Segment Open

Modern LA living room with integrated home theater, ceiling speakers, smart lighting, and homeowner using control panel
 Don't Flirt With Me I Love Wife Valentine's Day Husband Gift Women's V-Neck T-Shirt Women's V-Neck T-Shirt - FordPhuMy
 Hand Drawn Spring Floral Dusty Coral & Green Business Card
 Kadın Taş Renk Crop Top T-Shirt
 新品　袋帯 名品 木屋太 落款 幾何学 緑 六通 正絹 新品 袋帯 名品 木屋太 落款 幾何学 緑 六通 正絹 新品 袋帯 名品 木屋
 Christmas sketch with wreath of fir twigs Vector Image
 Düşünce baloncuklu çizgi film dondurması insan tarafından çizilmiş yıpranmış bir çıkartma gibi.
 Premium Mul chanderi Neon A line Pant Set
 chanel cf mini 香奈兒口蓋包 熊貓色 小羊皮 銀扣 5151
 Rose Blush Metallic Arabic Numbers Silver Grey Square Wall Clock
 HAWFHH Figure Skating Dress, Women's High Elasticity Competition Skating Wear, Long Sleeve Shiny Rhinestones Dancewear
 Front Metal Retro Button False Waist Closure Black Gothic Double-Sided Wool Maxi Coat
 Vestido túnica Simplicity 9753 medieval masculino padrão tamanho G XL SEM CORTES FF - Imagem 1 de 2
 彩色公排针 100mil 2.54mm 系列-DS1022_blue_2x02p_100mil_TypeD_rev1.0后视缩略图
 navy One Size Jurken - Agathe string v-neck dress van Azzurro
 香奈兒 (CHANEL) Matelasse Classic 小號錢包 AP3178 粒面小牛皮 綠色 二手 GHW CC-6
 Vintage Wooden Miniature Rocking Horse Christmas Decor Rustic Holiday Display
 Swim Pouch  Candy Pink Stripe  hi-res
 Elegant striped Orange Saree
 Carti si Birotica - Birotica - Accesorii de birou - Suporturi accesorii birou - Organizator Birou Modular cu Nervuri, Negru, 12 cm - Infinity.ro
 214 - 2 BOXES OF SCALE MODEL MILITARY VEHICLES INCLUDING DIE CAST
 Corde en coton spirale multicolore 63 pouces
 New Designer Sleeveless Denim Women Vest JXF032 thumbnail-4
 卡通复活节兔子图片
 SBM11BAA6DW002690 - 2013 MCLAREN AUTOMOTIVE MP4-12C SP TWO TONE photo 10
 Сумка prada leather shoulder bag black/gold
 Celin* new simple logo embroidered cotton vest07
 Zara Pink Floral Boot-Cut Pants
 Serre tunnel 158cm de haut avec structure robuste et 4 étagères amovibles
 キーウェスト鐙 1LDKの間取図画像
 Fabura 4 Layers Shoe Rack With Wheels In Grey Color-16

Segment Closed

WHAT YOU WILL DO: Go through the listing above. Show each line where the word "Christmas" is found.

REPLY:
 Christmas sketch with wreath of fir twigs Vector Image
 Vintage Wooden Miniature Rocking Horse Christmas Decor Rustic Holiday Display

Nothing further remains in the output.